FullStackWithLawrence · lpm0073 · Jun 16, 2026 · Jun 16, 2026 · Jun 16, 2026 · Jun 16, 2026
diff --git a/Makefile b/Makefile
@@ -52,7 +52,8 @@ run:
 	@echo "==============================================================================="
 	@echo "Running solution ..."
 	@echo "==============================================================================="
-	make docker-run
+	make python-fetch-data
+	make python-build-dataset
 
 # destroy all Docker build and local artifacts
 # takes around 1 minute to complete
@@ -61,7 +62,6 @@ tear-down:
 	@echo "Tearing down solution ..."
 	@echo "==============================================================================="
 	make python-clean
-	make docker-prune
 
 pre-commit-init:
 	@echo "==============================================================================="
@@ -140,7 +140,6 @@ python-requirements:
 	pip install pip==25.3 setuptools wheel pip-tools
 	pip-compile requirements/in/base.in -o requirements/base.txt
 	pip-compile requirements/in/local.in -o requirements/local.txt
-	pip-compile requirements/in/docker.in -o requirements/docker.txt
 
 python-fetch-data:
 	@echo "==============================================================================="
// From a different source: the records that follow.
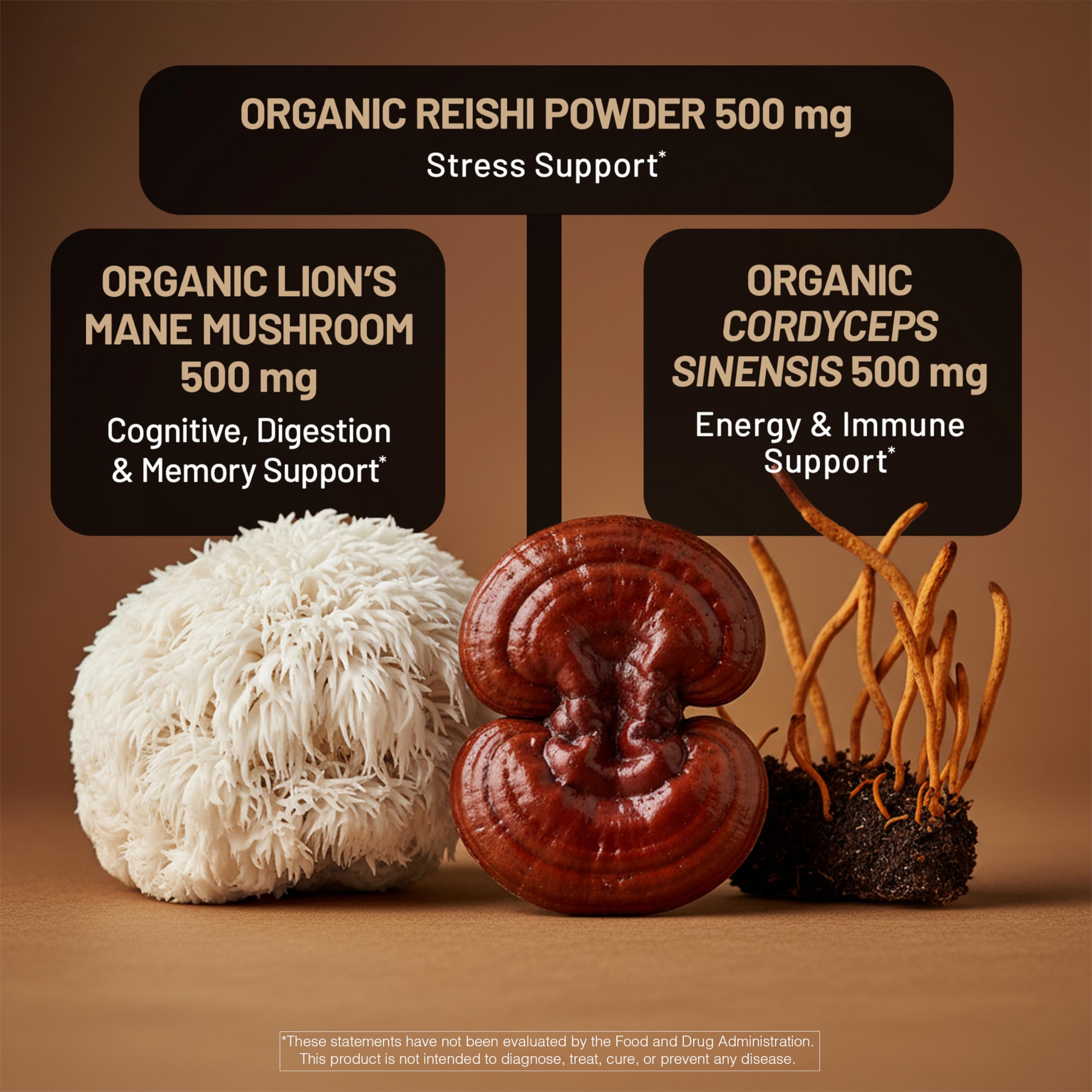NatureWise Mushroom Complex - with Organic Lion's Mane + Reishi & Cordyceps Sinensis - Lions Mane Supplement with Organic Mushrooms - Vegan - Non-GMO - USA Manufactured - 90 Capsules[30-Day Supply] — Amazon image 4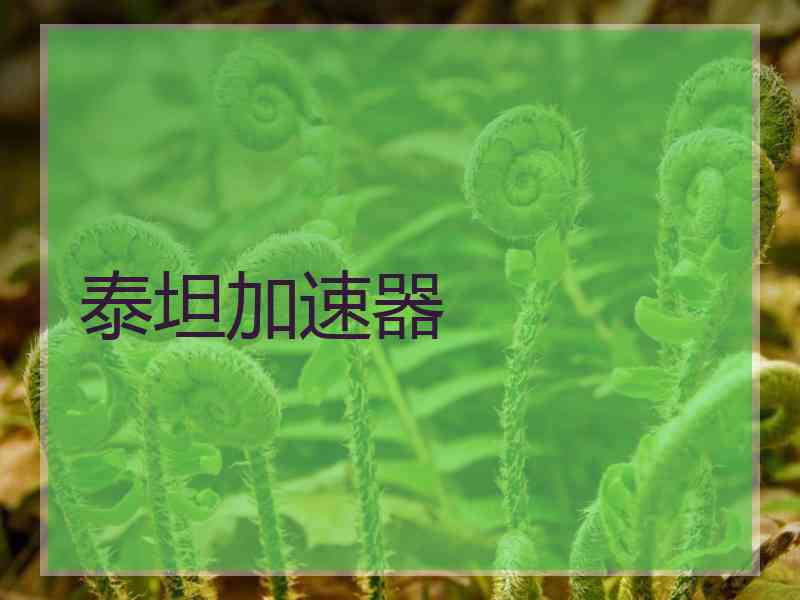 泰坦加速器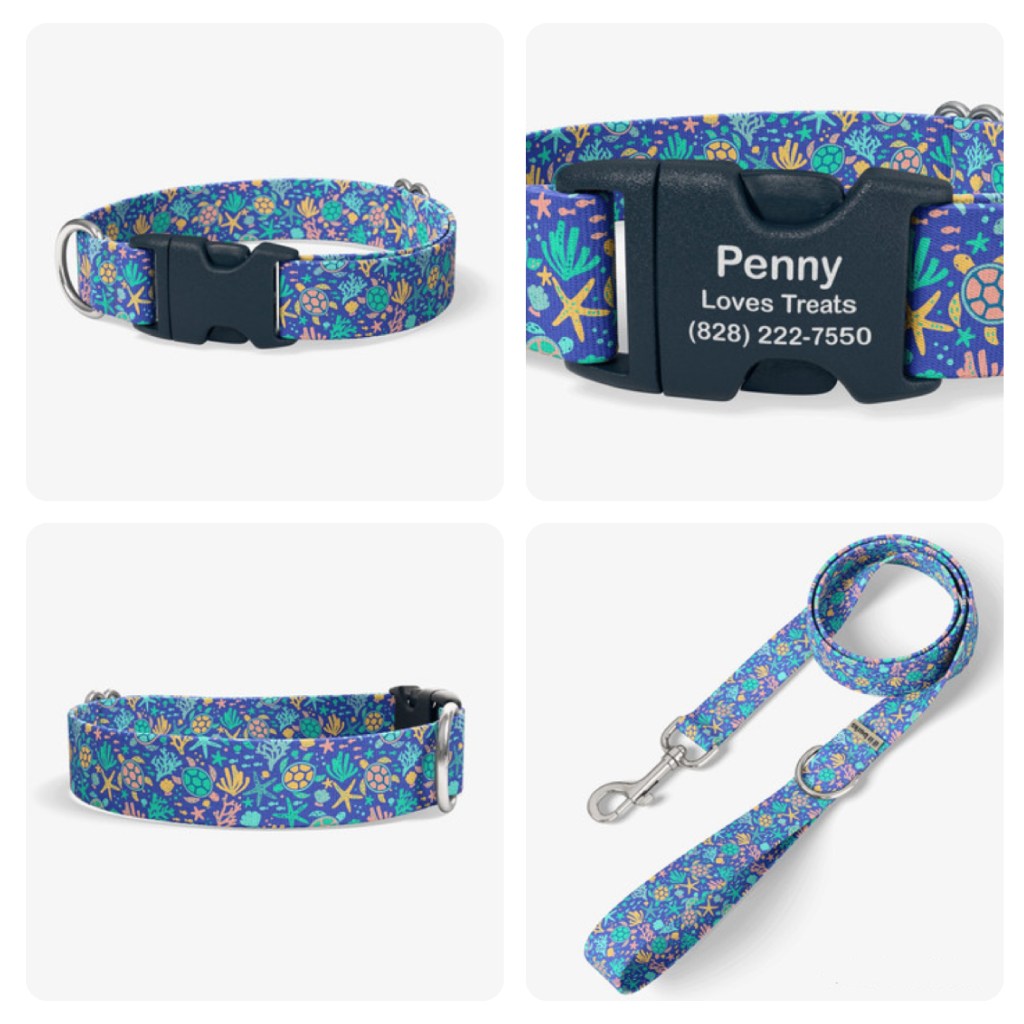 Summer designs for If It Barks - Paige Critchley Designs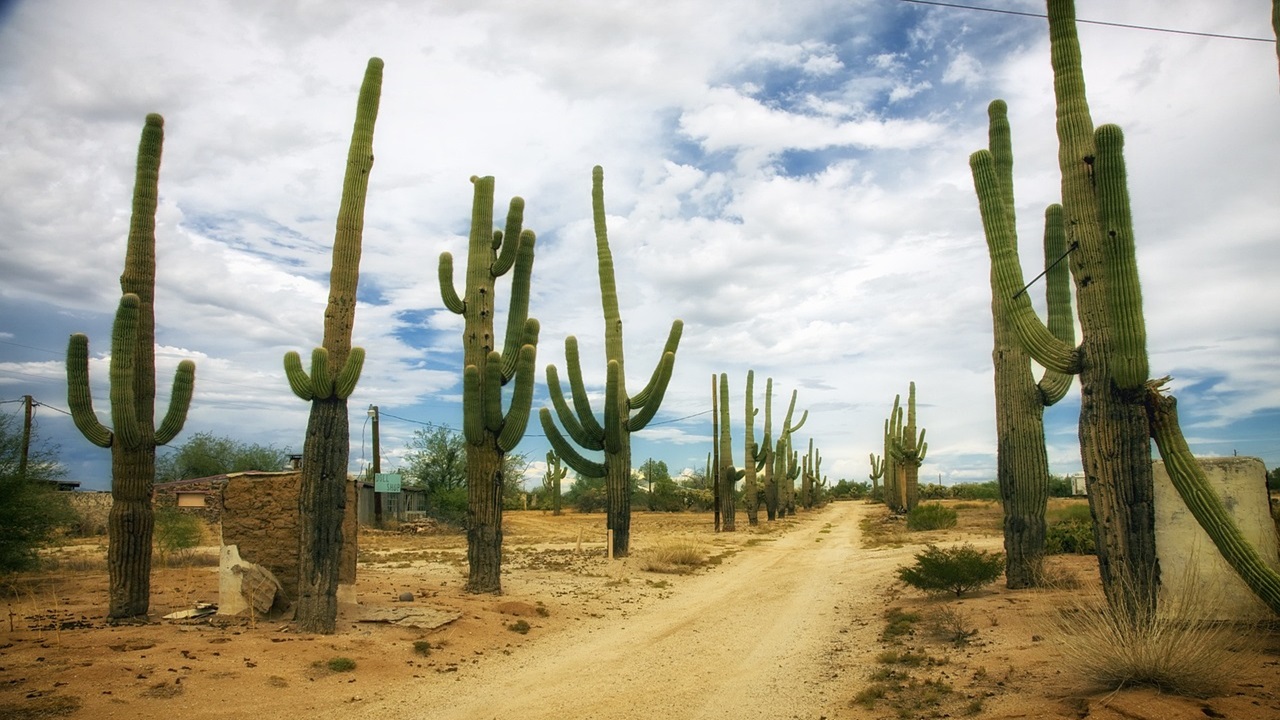 cactus piante succulente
@@ -150,7 +149,7 @@ python-fetch-data:
 
 python-build-dataset:
 	@echo "==============================================================================="
-	@echo "Building dataset from fetched data ..."
+	@echo "Building enriched Netflix dataset from fetched data ..."
 	@echo "==============================================================================="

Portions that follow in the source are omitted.